In lui però –ha ribadito Mons. Casale- risalta sempre una prospettiva di speranza, che scaturisce, non dall’esterno, ma dall’opera e dal contributo responsabile dei suoi stessi figli.
Fra essi Don Mottola ricorda tre “veggenti”: Gioachino da Fiore il “contemplativo”; Tommaso Campanella, il sognatore della “Città del Sole”; Francesco da Paola “povero e ricco”, espressione più piena della gente di Calabria e S. Nilo, il monaco che unisce il mondo latino con la  tradizione bizantina.
Si realizza così quello che era il sogno di Don Mottola: l’”Umanesimo plenario calabrese”, che ha come simbolo la “Vampa” della Charitas del santo, nel cui cuore arse il fuoco dei vulcani della terra di Calabria. Ha come fine la “rivolta ideale”, la “rivoluzione cristiana”, che è sempre in atto.
Per questo utilizzò tutti i mezzi per la grande causa, in particolare i Seminari di Cultura, la stampa, che ebbe in “Parva Favilla”.la rivista da lui fondata, e che ancora viene pubblicata, la fucina, in cui le intelligenze e le anime più belle, fra i sacerdoti e i laici, elaborarono i piani pastorali per una rinascita autentica della Calabria.
Essa, per essere tale, non deve essere solo “macchina e commercio”, ma rispondere anche alle esigenze spirituali e morali dei calabresi.
Per tale impresa è necessaria l’assunzione di responsabilità in prima persona dei laici, che sono chiamati alla vita di santità e all’apostolato nel secolo, secondo l’indole di laici, nella vita  professionale e nei vari campi della società. 

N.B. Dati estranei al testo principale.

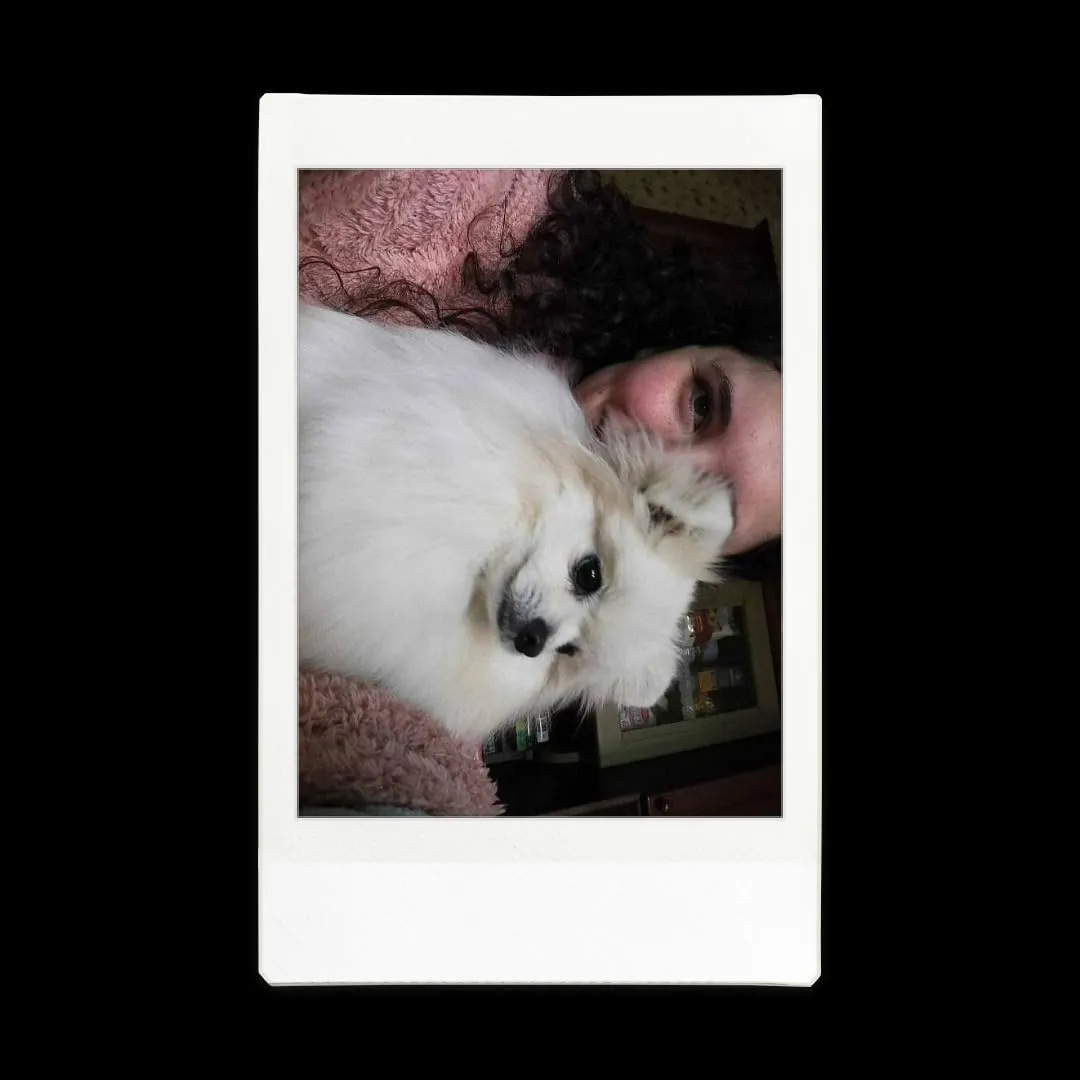 Instax Mini Evo fotocamera istantanea ibrida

Don Mottola per questa intuizione fu fra i pochi antesignani, che precedettero il Concilio Vaticano II, con la fondazione dell’Istituto Secolare dei Sacerdoti Oblati, delle Oblate e degli Oblati laici del Sacro Cuore, ai quali affidò il compito di essere fermento delle realtà terrestri, attraverso la contemplazione portata sulle vie del mondo, di essere i “certosini” e le “carmelitane” della strada.

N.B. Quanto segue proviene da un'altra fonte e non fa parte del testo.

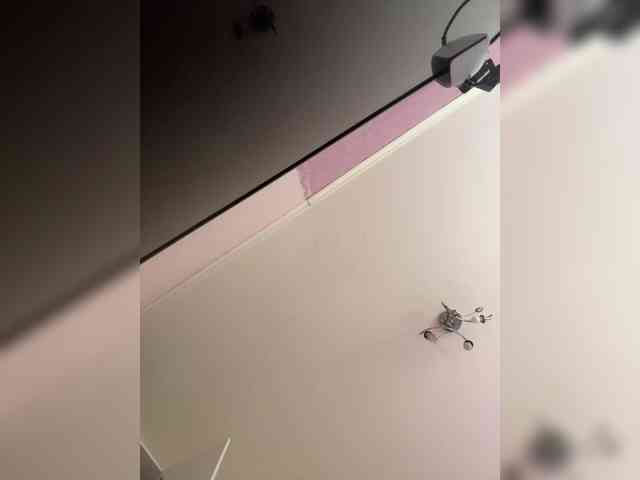 SHAWTY420 webcam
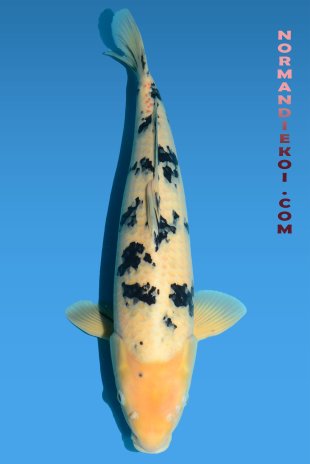 Shiro bekko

Attento ai nuovi fermenti culturali, sociali e politici, espresse una netta condanna del Nazi-Fascismo e del Comunismo, come anche del Liberalismo, che nelle loro aberrazioni –scriveva nel 1938- avrebbero condotto ineluttabilmente alla guerra.
Unica via per il cristiano è la Teologia del Corpo Mistico, in cui tutti ci sentiamo intimamente uniti fra noi e Gesù, e, nel vincolo dell’amore fraterno, sappiamo vincere gli egoismi e come fratelli “dare al fratello”. Solo così si promuove e si crea una vera “Cultura” della pace e della solidarietà, facendo emergere il bene dalla realtà stessa calabrese, che ha “filoni” di fiamma, che debbono essere utilizzati per diventare “incendio
In questa umanità “dolente” della Calabria e dell’uomo in genere, pellegrino nella storia della Città terrena -ha concluso Mons. Casale- il Servo di Dio consegna l’ideale, che con nomi diversi, indica nella figura della “Lampada” , della “Favilla”,  della “Fiaccola”, che illumina l’itinerario per un approdo di Amore e di Pace, nel Cuore di Dio Padre-materno, a cui siamo chiamati da Cristo Suo Figlio, a partecipare alla vita Beata: “Morire per vivere  della Vita stessa di Dio”.
Il Presidente del Comitato del Premio Dott. Sandro Cortese ha infine assegnato la XV Edizione alla Cooperativa “Il Resto” fondata dal compianto don Giulio Sesti Osseo, il cui nome è legato all’Istituto Giovanni XXIII di Serra di Aiello Calabro(Cosenza), il quale accoglie circa settecento persone in difficoltà, vera “Cittadella” della Carità, una delle strutture più note ed attrezzate, che onora la Calabria e il Meridione.
Il Premio è stato ritirato dal Presidente della Cooperativa il Sig. Alfonso Veltri.
Nell’intervallo musicale si è esibita la pianista romana Prof.ssa Maria Grazia De Nardo, che ha meritato lusinghieri apprezzamenti per la perizia ed il gusto artistico, con cui ha riproposto dei brani di una Sinfonia di Bethoven.